◆ YOUR OBJECTIVE ◆
With the images omitted, return all of the entries exactly as they stand.

*** Opening DATASET RECORDS ***

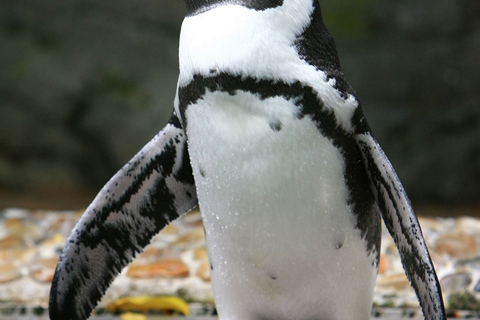 Singapur: bilet wstępu do Ptasiego RajuStandardowy wstęp dla turystów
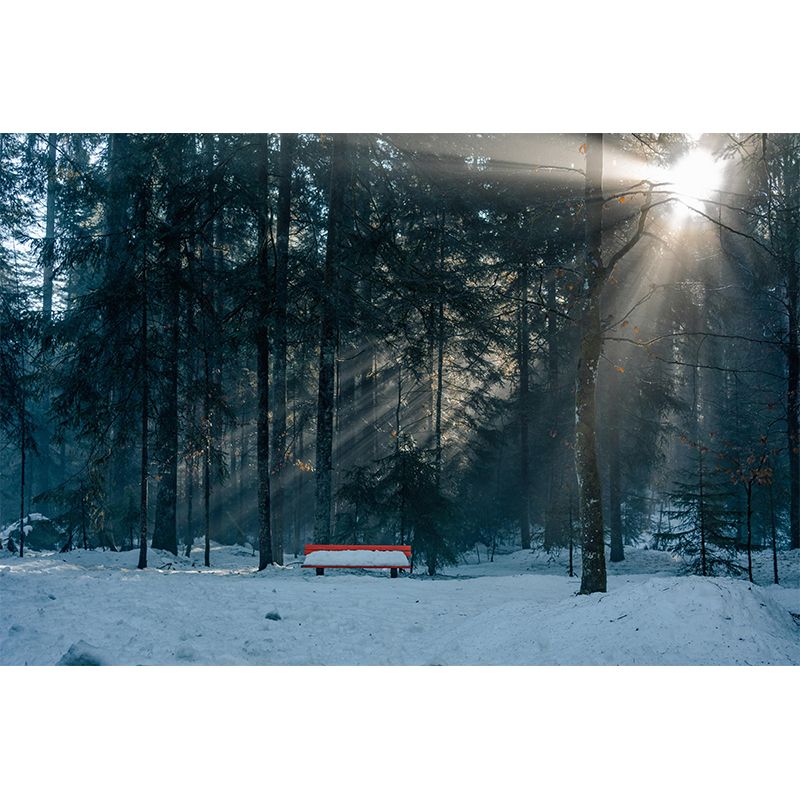 Natural Landscape Wall Mural Contemporary Decorative Living Room Wall Art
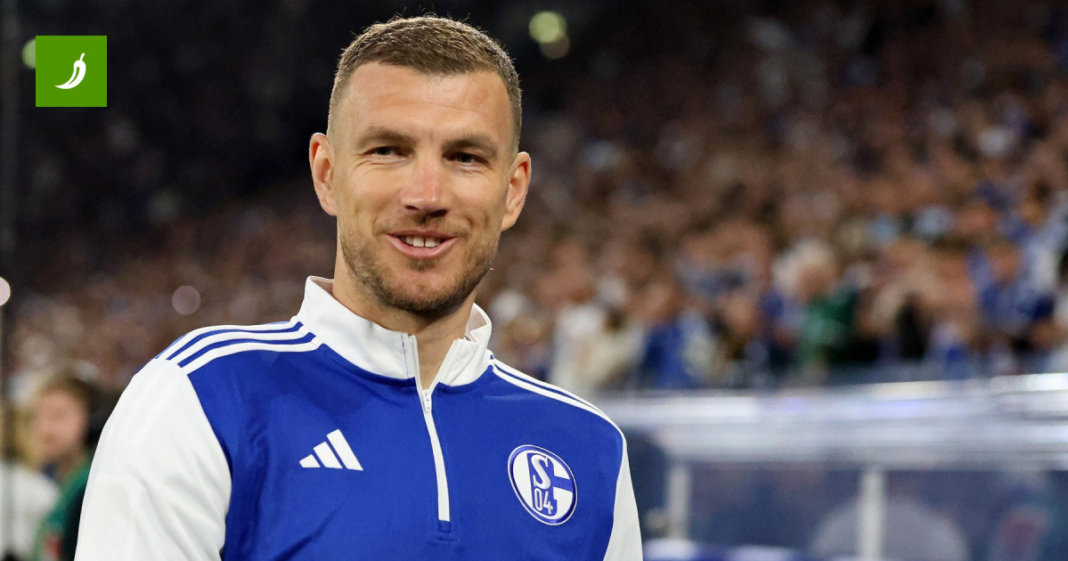 Sportski direktor Schalkea o Džeki: A zašto ne bi ostao? Sportski direktor Schalkea o Džeki: A zašto ne bi ostao?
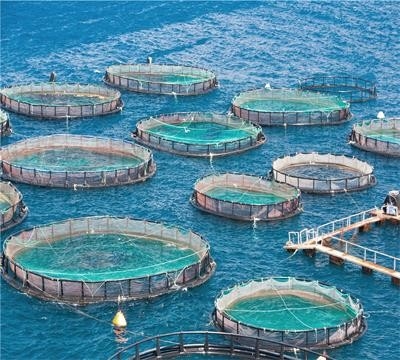 Hoogst gewaardeerde machine voor het maken van netten zonder knoop
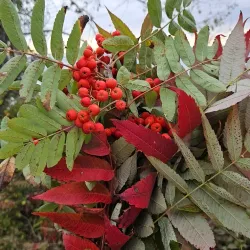 Parc Régional de Beauharnois-Salaberry - Salaberry-de-Valleyfield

*** Closing DATASET RECORDS ***

◆ ANSWER FOR THE TASK ◆
 Singapur: bilet wstępu do Ptasiego RajuStandardowy wstęp dla turystów
 Natural Landscape Wall Mural Contemporary Decorative Living Room Wall Art
 Sportski direktor Schalkea o Džeki: A zašto ne bi ostao? Sportski direktor Schalkea o Džeki: A zašto ne bi ostao?
 Hoogst gewaardeerde machine voor het maken van netten zonder knoop
 Parc Régional de Beauharnois-Salaberry - Salaberry-de-Valleyfield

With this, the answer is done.